Those who know me know (and anyone who doesn't can learn from the profile here) that I'm a baseball fan. Rather maniacally so, one might say. This produces behaviors in me that are not easily explainable otherwise.
Friday night, even with loads of stuff to do or pack or grade or read or what have you, an immutable inner compulsion drove me into the car, onto K-10 and then I-435, and eventually to Kaufmann Stadium, home of the Kansas City Royals, to witness the major league debut of a twenty-one-year-old kid I'll never know, by the name of Eric Hosmer.
I should point out that I'm not exactly a Royals fan, not really. They are the closest team at the moment, and thus the "home" team (as described in the penultimate couplet of the chorus to "Take Me Out to the Ballgame," which exhorts fans to "root, root, root for the home team"), but I've only lived around here four years, which hasn't been enough time to build ties that bind. I spent enough time in Florida to have some affinity for both the Marlins and the Rays, the latter of which I was able to follow from its inception through some of the worst seasons in baseball history, only to have them make the World Series the season after I left the state. I grew up in Georgia following the Braves. But on the major-league level, I am primarily a baseball fan before a fan of any one team.
This actually explains the pilgrimage to Kaufmann Friday night. For the non-baseball fans among you, Eric Hosmer is by virtually all accounts a good young player. At least one expert on the subject projects Hosmer as the fifth best prospect in all of baseball, which is pretty impressive when one considers how many players toil in the minors waiting for their chance. The experts say he can hit, hit with power, and field extremely well to boot. And as silly as it sounds, the chance to catch his first big-league game, to be able to say that someday when he's making All-Star teams or winning batting titles or home-run titles, was too much to pass up. "I saw him when..." is a powerful sentiment.
Considering the sad state of the Royals, the event became magnified in significance. After drawing crowds less than 20,000 most nights since Opening Night, the team picked up a crowed over 30,000. The team shop was making "Hosmer 35" replica jerseys by hand, and falling well behind demand (no, I didn't go that far).
For the record, the Royals lost, and Hosmer did not get a hit. He walked twice and struck out twice (the second time on a dubious called third strike). In the very first inning he picked a hard-hit ground ball cleanly and started a double play, first to second and back to first--not an easy play even for an experienced first baseman. The 0-for-2 might not look like much, but having the discipline to wait out walks in his first two big-league plate appearances is actually pretty darned impressive.

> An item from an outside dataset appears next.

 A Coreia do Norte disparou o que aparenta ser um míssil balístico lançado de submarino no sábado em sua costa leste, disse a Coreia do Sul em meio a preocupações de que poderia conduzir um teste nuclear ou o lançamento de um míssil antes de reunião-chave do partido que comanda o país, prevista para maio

So in the end, a satisfying trip. Had I waited one more night I'd have seen the kid's first big-league hit, and the Sunday game would have rendered up a run-scoring double--first major-league run batted in. But still, to someone who watches way too much baseball, it was a promising start. One game is ultimately meaningless, of course (statisticians would lecture about "small sample size" here), except that it's not. He arrived, he held his own, and now he can be about the business of having a big-league career, something that you and I and the vast majority of us will never do.
A Royals fan dares hope for what Hosmer might eventually do for the franchise. A more generalist baseball fan like me simply gladdens to see another bright talent coming to The Show. Maybe a non-fan can take pleasure in a talent being nurtured and developed and exercised at its highest level. We can appreciate this, yes?
He's just one prospect, of course. Right now the Royals are regarded as having the best minor-league talent in all the league, but even that is not a guarantee that the Royals will be printing playoff tickets anytime soon. One might hurt his arm, one might get hit by a bus, one might simply fail to live up to expectations. Any of those could still happen to Eric Hosmer (watch out for those buses, kid). Still, for one night, fans of a sad-sack team had permission to dream about seasons with ninety wins instead of ninety losses, hitters who don't swing at bad pitches, teams with youth and energy and promise and that most elusive of all qualities, hope.
Hope. It can be a terrible tease sometimes. We allow our hopes to be raised, only to have them dashed or shattered. It happens in our professional lives, our love lives, our political ideals, even our faith. Often it's our own faults; we get caught striving for the wrong goal, the wrong person, misplacing our faith. Sometimes our hopes don't turn out through no fault of our own.
The church, of course, has its own ideas about hope. Hymnody exults in it: "my hope is built on nothing less than Jesus's blood and righteousness..." or "hope of the world, Thou Christ of great compassion," "O God, our help in ages past, our hope for years to come...". It's a vital thing in that context, but it's not only among the faithful that hope is a needful thing. It's a fierce human need. We are highly prone to latch onto any occasion, any excuse for hope. It may be more meaningful in most places than in regard to a baseball team, but the power of hope, and the power of the need for hope, are lessons I am well-advised to write fast upon my own heart as I go forward into this fool's errand.
And yes, for the next few years in Richmond, and then wherever the good Lord chooses to deposit me thereafter, I'll be checking out Eric Hosmer's stats now and then.